What’s the one thing you DON’T do at a wedding? Kiss the groom!
What a gloriously enjoyable story with a dash of Bridget Jones and a pinch of a Hugh Grant rom com.
Edie is secretly in love with her colleague Jack, and they’re caught kissing at his wedding. She’s distraught, confused, humiliated, and she escapes back home to Nottingham to escape all of the online hatred towards her. She can’t go back to work because Jack’s wife – who has forgiven Jack – also works there, and Edie is in the minority. She’s shunned and her boss forces her to work out of the office.
Jack keeps on going with his life claiming innocence, because Edie is apparently the only person to blame for the kiss.
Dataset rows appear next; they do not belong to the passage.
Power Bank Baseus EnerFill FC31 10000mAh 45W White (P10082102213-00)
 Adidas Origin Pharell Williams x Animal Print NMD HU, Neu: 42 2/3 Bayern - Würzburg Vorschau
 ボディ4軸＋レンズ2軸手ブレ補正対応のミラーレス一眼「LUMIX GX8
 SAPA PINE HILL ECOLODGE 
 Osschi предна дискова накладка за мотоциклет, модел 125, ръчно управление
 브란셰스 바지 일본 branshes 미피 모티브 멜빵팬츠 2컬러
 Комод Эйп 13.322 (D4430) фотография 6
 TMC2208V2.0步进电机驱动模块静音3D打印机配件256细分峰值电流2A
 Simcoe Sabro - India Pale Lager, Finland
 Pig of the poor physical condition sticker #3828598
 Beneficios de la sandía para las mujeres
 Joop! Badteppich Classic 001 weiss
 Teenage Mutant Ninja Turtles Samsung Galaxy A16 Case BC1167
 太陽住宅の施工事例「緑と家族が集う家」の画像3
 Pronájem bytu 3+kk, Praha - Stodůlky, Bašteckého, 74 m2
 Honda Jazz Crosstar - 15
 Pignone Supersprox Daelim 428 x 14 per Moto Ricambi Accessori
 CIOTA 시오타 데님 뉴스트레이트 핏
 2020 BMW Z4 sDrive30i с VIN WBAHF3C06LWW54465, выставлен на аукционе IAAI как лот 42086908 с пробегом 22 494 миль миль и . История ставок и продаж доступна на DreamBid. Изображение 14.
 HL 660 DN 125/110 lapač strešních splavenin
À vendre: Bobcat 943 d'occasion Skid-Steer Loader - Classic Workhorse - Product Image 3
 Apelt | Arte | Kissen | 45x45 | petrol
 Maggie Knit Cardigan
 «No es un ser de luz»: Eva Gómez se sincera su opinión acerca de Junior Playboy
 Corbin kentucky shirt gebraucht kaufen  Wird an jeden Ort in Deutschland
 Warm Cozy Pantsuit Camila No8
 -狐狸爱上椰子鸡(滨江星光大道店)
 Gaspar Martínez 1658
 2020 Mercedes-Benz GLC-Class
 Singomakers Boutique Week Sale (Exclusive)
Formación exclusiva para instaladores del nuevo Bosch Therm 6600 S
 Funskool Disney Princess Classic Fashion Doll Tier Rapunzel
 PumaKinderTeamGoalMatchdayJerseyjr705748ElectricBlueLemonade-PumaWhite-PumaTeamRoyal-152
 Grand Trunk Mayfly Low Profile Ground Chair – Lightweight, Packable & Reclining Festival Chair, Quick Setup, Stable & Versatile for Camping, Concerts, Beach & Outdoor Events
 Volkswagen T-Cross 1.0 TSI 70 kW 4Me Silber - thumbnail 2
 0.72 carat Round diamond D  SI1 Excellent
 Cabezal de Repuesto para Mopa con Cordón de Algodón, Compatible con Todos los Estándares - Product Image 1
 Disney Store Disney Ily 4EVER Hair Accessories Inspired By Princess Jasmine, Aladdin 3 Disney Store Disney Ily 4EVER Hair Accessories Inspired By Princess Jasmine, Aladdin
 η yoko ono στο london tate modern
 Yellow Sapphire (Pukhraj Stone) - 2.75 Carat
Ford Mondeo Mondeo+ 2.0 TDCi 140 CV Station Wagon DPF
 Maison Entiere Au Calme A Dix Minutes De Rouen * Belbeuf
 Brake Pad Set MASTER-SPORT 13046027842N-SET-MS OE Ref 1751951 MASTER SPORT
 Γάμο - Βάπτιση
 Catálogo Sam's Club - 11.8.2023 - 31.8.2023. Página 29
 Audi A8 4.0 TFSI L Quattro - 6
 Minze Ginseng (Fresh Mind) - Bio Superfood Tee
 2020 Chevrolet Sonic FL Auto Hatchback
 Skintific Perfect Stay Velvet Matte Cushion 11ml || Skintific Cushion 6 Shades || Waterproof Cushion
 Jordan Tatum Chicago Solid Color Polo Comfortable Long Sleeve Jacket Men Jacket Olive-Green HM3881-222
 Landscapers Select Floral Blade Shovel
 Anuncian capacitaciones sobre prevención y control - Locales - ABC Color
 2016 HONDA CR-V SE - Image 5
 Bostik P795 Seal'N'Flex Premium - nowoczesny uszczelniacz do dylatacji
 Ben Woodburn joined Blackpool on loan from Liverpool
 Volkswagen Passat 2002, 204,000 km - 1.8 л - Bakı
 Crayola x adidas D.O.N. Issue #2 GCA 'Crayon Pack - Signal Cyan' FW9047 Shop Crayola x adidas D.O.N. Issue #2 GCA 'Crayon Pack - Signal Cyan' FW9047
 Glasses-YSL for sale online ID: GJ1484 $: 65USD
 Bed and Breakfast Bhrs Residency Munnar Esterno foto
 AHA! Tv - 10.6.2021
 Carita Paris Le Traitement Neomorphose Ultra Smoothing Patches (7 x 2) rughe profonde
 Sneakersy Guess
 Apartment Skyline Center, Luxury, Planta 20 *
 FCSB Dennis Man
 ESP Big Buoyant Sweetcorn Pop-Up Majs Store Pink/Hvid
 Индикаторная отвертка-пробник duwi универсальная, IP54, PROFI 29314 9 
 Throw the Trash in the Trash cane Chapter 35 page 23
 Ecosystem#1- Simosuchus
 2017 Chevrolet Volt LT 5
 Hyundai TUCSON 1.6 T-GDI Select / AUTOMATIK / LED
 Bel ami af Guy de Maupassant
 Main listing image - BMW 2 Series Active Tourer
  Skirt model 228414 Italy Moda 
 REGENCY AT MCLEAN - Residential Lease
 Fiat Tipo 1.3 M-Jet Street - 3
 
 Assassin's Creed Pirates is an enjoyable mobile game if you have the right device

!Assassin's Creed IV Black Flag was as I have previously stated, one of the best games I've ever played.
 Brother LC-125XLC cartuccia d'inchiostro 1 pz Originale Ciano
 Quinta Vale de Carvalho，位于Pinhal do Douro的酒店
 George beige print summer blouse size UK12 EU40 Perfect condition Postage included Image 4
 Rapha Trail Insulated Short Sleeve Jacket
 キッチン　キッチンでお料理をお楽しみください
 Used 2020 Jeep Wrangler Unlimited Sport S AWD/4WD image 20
To take her mind off the situation, Edie takes a job as a ghost-writer on an autobiography for hot new acting talent, Elliot Owen.
This book is witty, creative, unique and hilarious. The dialogue between Edie and her family is thoroughly enjoyable, and the budding romance between her and Elliot is wonderful. It is only after Edie spends time bonding with her family and overcoming any issues they have that Edie comes to understand who she is and what she wants. She grows a backbone, understands what her feelings for her colleague are, and she begins to stand up for herself. Edie comes to know what she is worth and evolves over the course of the novel.
Mhairi illustrates the effects of gossip and social media and how it affects people, but she also uses Edie’s mistakes to illustrate her need to discover her own identity. Edie needs to return to her roots to pull herself together and grow and mature. She is vulnerable, kind, bold and hilarious, and she is a fantastic protagonist. The romance between her and Elliot was subtle but also enjoyable.
Who’s that Girl is a long novel, but a rewarding one. It’s light-hearted but has moments of heartbreak and seriousness, but those moments are reprieved with a quick pace and unique plot points and sarcastic remarks between characters.